Why Curiosity is Essential to Dealmaking
Story By Brooke Bilyj from Smart Business Dealmakers
John Sinnenberg’s first exposure to dealmaking was very hands-on. It was the early 1980s and all the financial modeling was done by hand. Sinnenberg was at Bankers Trust, where he worked on two of KKR’s first three deals.
“We had no computers, so if you were doing sensitivity analysis and you changed one thing, you had to redo everything,” he says. “It wasn’t a spreadsheet that updated everything for you. You had to think through the implications of what was going to happen when one input changed.” From that thorough approach, Sinnenberg learned the intricacies of dealmaking as he served a variety of investment banking, trading and senior lending functions throughout the ’80s. He also worked at Barclays — even moving to London to work on the bank’s trading floor for a year. When he returned home in 1989, Sinnenberg helped launch Barclays’ mezzanine capital group. Since then, he has founded several private investment firms focused on the middle market — including Key Principal Partners (which spun off KeyCorp’s mezzanine capital fund), and most recently, Cyprium Partners. Since the partners of Cyprium established their first investment vehicle in 1998, they’ve made 84 investments totaling more than $1.4 billion in capital. Smart Business Dealmakers sat down recently with Sinnenberg to talk about his evolution as a dealmaker and the lessons he’s learned from deals good and bad.

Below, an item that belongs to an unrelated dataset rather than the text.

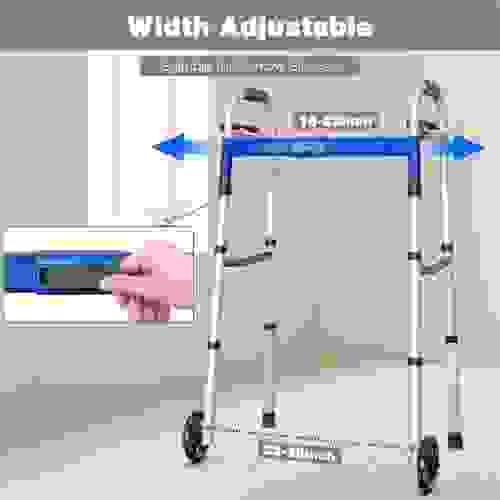 GMH Walker folding walker Mason walker width adjustable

How have you evolved as a dealmaker?
When I was starting out, I was unjustifiably overconfident, which you’re supposed to be in your youth. When you’re young and you’re negotiating investments, you want to win every point. But as you get older and more experienced with deals, you realize there are some points you really need to win, and the rest of them are just ego. Now I know the difference.
What’s the most important lesson you’ve learned?
To be successful in this business, you always need to be curious. Disruption can happen to most businesses, particularly with advances in technology, AI, big data, etc. If you’re not questioning what you’re doing, you can easily find yourself being disrupted. You can’t insulate yourself because you won’t know what growth opportunities you can achieve unless you’re curious.
What are some red flags to watch out for in a potential deal?
When we go in and talk to the owner of a business, our first question is not, ‘Tell me how much cash flow you’re generating. How are you going to pay us back?’ Our first question is, ‘What keeps you up at night?’ We don’t want their first question to be, ‘How much is it going to cost me?’ but, ‘How can you help me?’
If we don’t get that dialogue, we don’t have the right relationship. There are a lot of people who will just supply money for a return, but there’s risk associated with that if you don’t have the correct cultural matchup, so we always try to be on guard for that. One of the things we do is we try to discern how the owners or CEOs view themselves. Do they have an outside board of directors? Who’s on that board of directors? A lot of people don’t, and they only listen to themselves. So we interview [board members] to see if the CEOs actually listen to their expertise.
The second thing we do is we interview the members of the management team individually. Some CEOs just leave the room and let the members of the management team speak, which is a good thing. And then there are CEOs who sit in the room, and the moment they hear something that’s inconsistent with the way they think, they jump in.
Because we make non-controlling investments, we want a good management team. It can’t just be one person. It’s not unusual to find one person who isn’t singing from the same hymnal, but if the CEO is the one who’s not in alignment, it’s a deal breaker.
How important is it for business leaders to be open to dealmaking opportunities?
It’s critical. You may not want to make an acquisition, but you may not know there’s a technology out there that could really enhance what you’re doing. You may not know there’s an entire customer segment that you’ve never thought about.
It’s not that you have to do deals, but you should always be curious. That curiosity may lead you to do deals, or it may lead you to the conclusion that you’re really not in as good of a competitive position, and you ought to be selling instead. But if you’re stuck with your blinders on, you don’t have an outside board of people you’re relying on to question you, you’re setting yourself up for potential failure.
What’s the best advice you’d give other dealmakers?
Do your due diligence. Make sure you call the references, and make sure you’re not just getting ‘everything was great’ references. That’s the most important thing. We want to know how a management team is going to behave if an unexpected development occurs, and they should want to know how we’re going to behave. People get a little reluctant sometimes to give you that information, so you have to be willing to walk away if you can’t satisfy those issues.
Learning about the business makes you much better prepared to react in a logical way when something either advantageous or adverse happens. A lot of people don’t like to think about that, but that matters to us.